(Exercise instructions) For every record that follows, transcribe the text exactly and leave any image out.

Short descriptive text snippets:
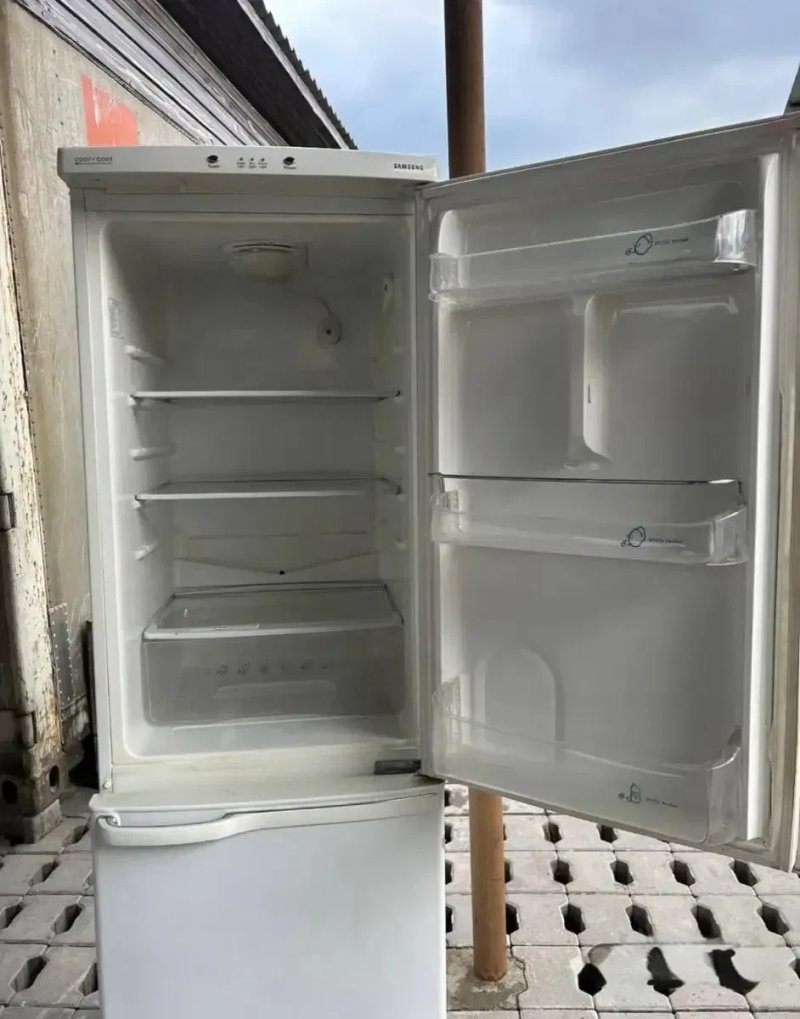 Продам холодильник Samsung RL28 Доставка , Гарантія — фото 2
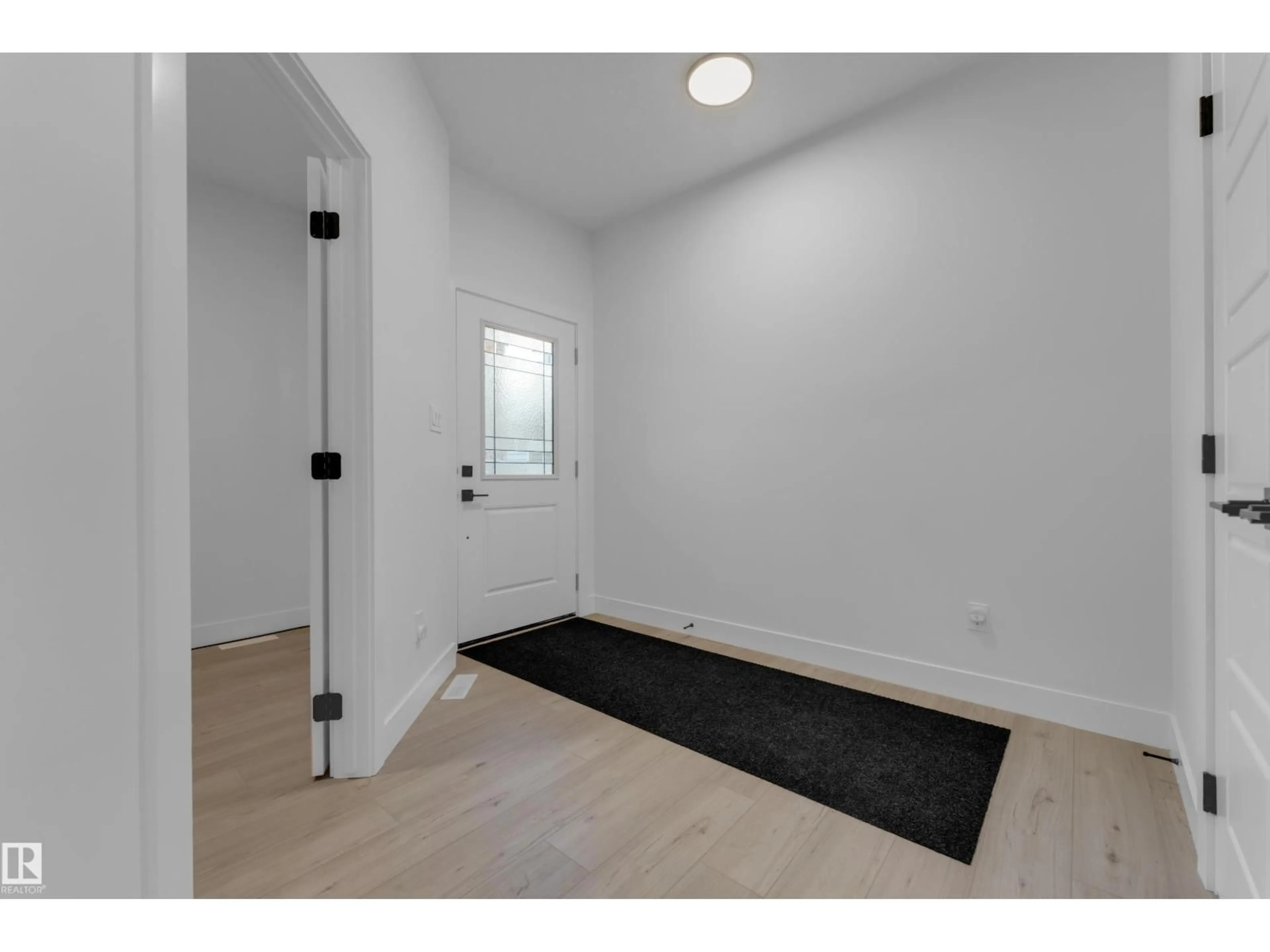 Indoor entryway for 115 HILTON COVE, Spruce Grove Alberta T7X1Y4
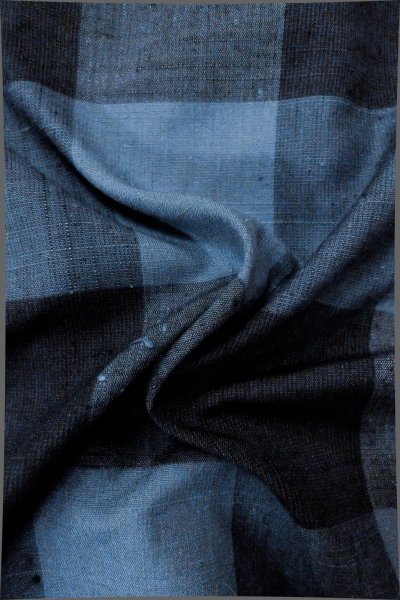 Photo9: P0409I Vintage Japanese kimono Light Indigo Blue TSUMUGI pongee for women / Silk. Plaid Checks (Grade C) (9)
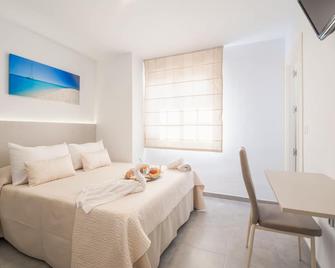 Hostal Romerito - Málaga - Bedroom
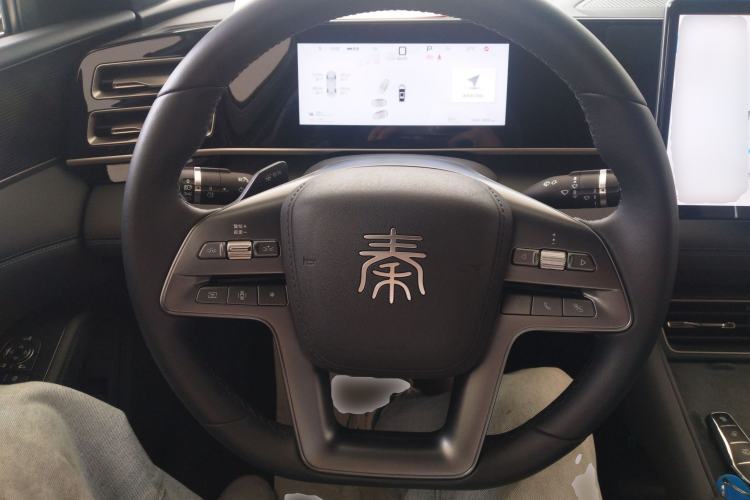 Used BYD Qin L 2025 DM-i Smart Drive 120KM Superior Model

(Solution to the problem)
 Продам холодильник Samsung RL28 Доставка , Гарантія — фото 2
 Indoor entryway for 115 HILTON COVE, Spruce Grove Alberta T7X1Y4
 Photo9: P0409I Vintage Japanese kimono Light Indigo Blue TSUMUGI pongee for women / Silk. Plaid Checks (Grade C) (9)
 Hostal Romerito - Málaga - Bedroom
 Used BYD Qin L 2025 DM-i Smart Drive 120KM Superior Model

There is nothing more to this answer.